“I don’t know. I’m making this up as I go.” One of the all-time great movie lines, uttered by Harrison Ford in Raiders of the Lost. It was a testament to Indiana Jones’ tendency to improvise to meet an objective when the original plan and backup plan have failed. It’s also a sign of a jazz musician doing what jazz musicians do – taking what is known and exploring the unknown. Michael Sarian and The Chabones capture this concept with The Escape Suite (2015).
Sarian plays trumpet. The other band members are Jim Piela, alto and soprano sax; Ricky Alexander, tenor sax; David Banker, trombone on “Brett Atlas”; Christopher Misch-Bloxdorf, trombone; Michael Verselli, Rhodes and Minimoog; Trevor Brown, electric bass; and Josh Bailey, drums.
“Brett Atlas” begins with a bit of spacey underscore behind soft trumpet.
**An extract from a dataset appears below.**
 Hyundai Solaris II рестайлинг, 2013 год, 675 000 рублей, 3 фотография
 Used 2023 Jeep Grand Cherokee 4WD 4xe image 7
When the melody starts, Sarian leads with Alexander answering his calls. The intensity picks up swiftly, only to shut down after the main theme. That haunting, spacey sound returns as the tenor delivers a mellow, groovy solo. Tom rolls accent a few changes of direction. Then, the music swells as the other instruments return, setting up for a dramatic conclusion.
“The Escape Suite” is a trio of songs within the set: “Skirt Shock,” “North” and “Chain Mobile.”
“Bruises” is a title that contradicts the sound. The music is soft, romantic. Perhaps the character in this story is feeling the symbolic bruise of love gone astray. The horns are subdued. The keys offer an ethereal quality. It’s an easygoing, slow dance kind of song. Brown’s smooth-funk bass line is among the highlights. If there was a bruise at the beginning, Sarian’s warm solo signals the healing process.
Sarian was born in Canada, but his family moved to Argentina when he was just 1. He has performed in the United States, South America and Europe. He began playing piano at age 6, received his first trumpet at 13 and began touring the United Kingdom by 18. Sarian has performed with progressive rock bands in empty basements, 12-piece disco bands on the beach in Uruguay, rock bands in sports arenas and big bands. He earned a bachelor’s degree in classical composition and theory from Muhlenberg College, where he studied with Charles Fambrough. After returning to Buenos Aires for four years, he moved to New York City in 2012 to pursue a master’s degree in Jazz Studies at New York University. There, he had the opportunity to perform with Joe Lovano, Alan Ferber, Wayne Krantz and others.
Sarian released his first album as a leader in 2014, Subtitles. That was the beginning of The Chabones, an Argentine slang word for “dudes,” or “schmucks,” depending on whom you ask.